2009 Season More Important Than '08 For Pinkel and Mizzou

Mitch StubbsContributor IJune 19, 2009

DALLAS - JANUARY 01:  Head coach Gary Pinkel of the Missouri Tigers looks on during the AT&T Cotton Bowl Classic on January 1, 2008 at the Cotton Bowl in Dallas, Texas.  (Photo by Ronald Martinez/Getty Images)

This year would be the perfect time for a Mizzou fan to listen to those ever-bothersome timeshare agents and invest in a vacation home far far away. Reality check: Barely mortal QB Chase Daniel is mingling in a Washington Redskins mini-camp and the tigers are predicted to finish next to last in the Big 12 North. While the football season looks dismal Kansas superstars Cole Aldrich and Sherron Collins will do their best to make the basketball season likewise. Virgin Islands here I come.

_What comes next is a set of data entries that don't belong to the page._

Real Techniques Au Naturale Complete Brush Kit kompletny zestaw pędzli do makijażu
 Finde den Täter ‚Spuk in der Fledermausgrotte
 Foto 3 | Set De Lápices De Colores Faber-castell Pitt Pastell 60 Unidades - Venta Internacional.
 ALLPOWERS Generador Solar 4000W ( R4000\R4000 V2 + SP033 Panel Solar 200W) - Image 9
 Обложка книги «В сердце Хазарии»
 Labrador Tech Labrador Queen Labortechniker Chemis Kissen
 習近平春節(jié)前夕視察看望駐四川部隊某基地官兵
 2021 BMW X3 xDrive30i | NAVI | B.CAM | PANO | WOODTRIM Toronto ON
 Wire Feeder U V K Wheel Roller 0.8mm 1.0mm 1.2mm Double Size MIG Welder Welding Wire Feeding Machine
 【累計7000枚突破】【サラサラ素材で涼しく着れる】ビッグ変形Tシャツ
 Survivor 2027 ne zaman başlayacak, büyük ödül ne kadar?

The 2008 football season was supposed to be Missouri’s thrust onto the scene. A miserable defense combined with costly turnovers quickly ended all hopes in Columbia.


Now, Head coach Gary Pinkel has a skeleton of his football team remaining and can’t waste a second in preparing for arguably his toughest season yet.


Missouri’s high-octane offense will be a little less high and a lot less octane this year. As mentioned, Daniel is departed, along with his 15 or so school records, and a cast of specialists followed.


Jeremy Maclin broke hearts on January 9 when his news of the NFL draft was made public. The dynamic receiver is now going to be breaking ankles in an Eagles jersey next season.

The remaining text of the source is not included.